Mons. Romero aveva la capacità di incantare l’uditorio durante le sue omelie. Uno degli esponenti di punta della Teologia della Liberazione, Gustavo Gutierrez, ricorda: «I sermoni di Romero erano storici, duravano più di un’ora. La gente era incollata alle panche della chiesa». Si rivolge alla gente semplice, agli intellettuali ma anche ai soldati, ai politici, chiedendo giustizia per il suo popolo segnato da continue perdite di vite umane, brutalmente massacrate. Implorando che chi spara, tortura, uccide ritrovi una coscienza umana. Non è stato sempre così, mons. Romero. Quando è stato nominato arcivescovo di San Salvador, il 22 Febbraio 1977, il potere si è rallegrato della sua nomina: uomo di studi, generoso, ritenuto conservatore; innamorato della preghiera, appassionato di San Giovanni della Croce, preferito al progressista Arturo Rivera y Damas (che gli succederà). Tuttavia, in pochi anni, mons. Romero diventa una persona sgradita. I suoi discorsi e le sue omelie, via etere, arrivano persino in Europa e ne fanno un simbolo di giustizia. Allarmati i politici, infastiditi i militari. Preoccupata una parte dell’episcopato latinoamericano, impensierita la Santa Sede. Come è potuto accadere?
Genesi di una ri- conversione.
Torna verso la sua parrocchia, padre Rutilio Grande. È il 12 Marzo 1977. Viaggia in compagnia di un anziano e di un ragazzo di 16 anni. Sono trucidati tutti e tre senza pietà. Molti individuano lo spartiacque tra il primo e il secondo Romero proprio nella morte di padre Grande, suo collaboratore e amico. Secondo Jon Sobrino, teologo (ribelle e poi condannato da Roma) naturalizzato salvadoregno, per Romero, l’azione di Rutilio Grande è «troppo politicizzata, troppo orizzontale, lontana dalla missione fondamentale della Chiesa e pericolosamente vicina alle idee rivoluzionarie» ma, sebbene non ne ha condiviso in tutto l’operato, ha ammirato in lui la fede e lo zelo.

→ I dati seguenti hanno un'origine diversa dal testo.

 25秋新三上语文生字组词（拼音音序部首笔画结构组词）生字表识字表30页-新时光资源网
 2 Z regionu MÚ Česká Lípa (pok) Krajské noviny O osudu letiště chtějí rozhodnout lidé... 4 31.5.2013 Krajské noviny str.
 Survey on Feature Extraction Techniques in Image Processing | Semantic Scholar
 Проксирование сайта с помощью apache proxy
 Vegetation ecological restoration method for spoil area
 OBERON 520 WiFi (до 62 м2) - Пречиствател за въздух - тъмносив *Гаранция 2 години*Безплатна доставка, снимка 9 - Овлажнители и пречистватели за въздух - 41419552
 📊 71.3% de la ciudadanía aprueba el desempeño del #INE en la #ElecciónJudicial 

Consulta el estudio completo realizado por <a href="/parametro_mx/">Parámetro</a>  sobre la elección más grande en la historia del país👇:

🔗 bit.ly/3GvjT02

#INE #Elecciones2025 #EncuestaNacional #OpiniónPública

Per i funerali di padre Grande, Romero fa celebrare un’unica messa nella cattedrale, in tutta la diocesi, per sottolineare l’unità della chiesa salvadoregna. Chiede che vengano trovati i colpevoli e qualcuno, in alto, gli risponde che padre Rutilio “era un comunista”, chiudendo il discorso. Quello è il momento in cui Romero – secondo molti – diventa inquieto. Comincia a porsi domande. Cambia atteggiamento. Secondo altri, invece, la ri-conversione è maturata prima, nel 1976, quando è già vescovo da due anni di Santiago de Maria e ha incontrato la miseria. (…).
Andare in giro a raccogliere cadaveri.
Negli anni dell’episcopato di mons. Romero, ma anche per molto tempo dopo la sua morte, El Salvador vive un’interminabile stagione di violenza e di problemi sociali irrisolti. Candidati eletti democraticamente ma appoggiati da militari si alternano alla guida del paese: per reprimere qualche golpe o eventuali spinte talora riformiste più spesso rivoluzionarie, viene usata sistematicamente la forza. Qualcuno si lascia prendere la mano, incoraggiato anche dai giganteschi interessi economici privati in campo. Presto inizia una vera e propria mattanza. Oltre ad avversari politici, gli squadroni della morte sopprimono anche sacerdoti, catechisti, fedeli. Spesso facendo uso di una violenza spropositata, perché passi il messaggio che nessuno deve pretendere cambiamenti di questo statu quo, congeniale agli affari di pochi ma onnipotenti. Romero inizia a definire il suo ministero episcopale come un “andare in giro a raccogliere cadaveri”. I suoi appelli perché la violenza finisca e perché ci sia più attenzione per le condizioni di vita dei poveri si moltiplicano. In un’omelia dice, per esempio: «È inconcepibile che qualcuno si dica cristiano e non assuma, come Cristo, un’opzione preferenziale per i poveri. È uno scandalo che i cristiani di oggi critichino la Chiesa perché pensa ai poveri. Questo non è cristianesimo!… Molti, carissimi fratelli, credono che quando la Chiesa si dice in favore dei poveri, stia diventando comunista, stia facendo politica, sia opportunista. Non è così, perché questa è stata la dottrina di sempre». Parole forti e, soprattutto, in un certo senso, vere, che tuttavia suonano anche pericolosamente vicine al linguaggio della Teologia della Liberazione. Non esattamente la “dottrina di sempre”.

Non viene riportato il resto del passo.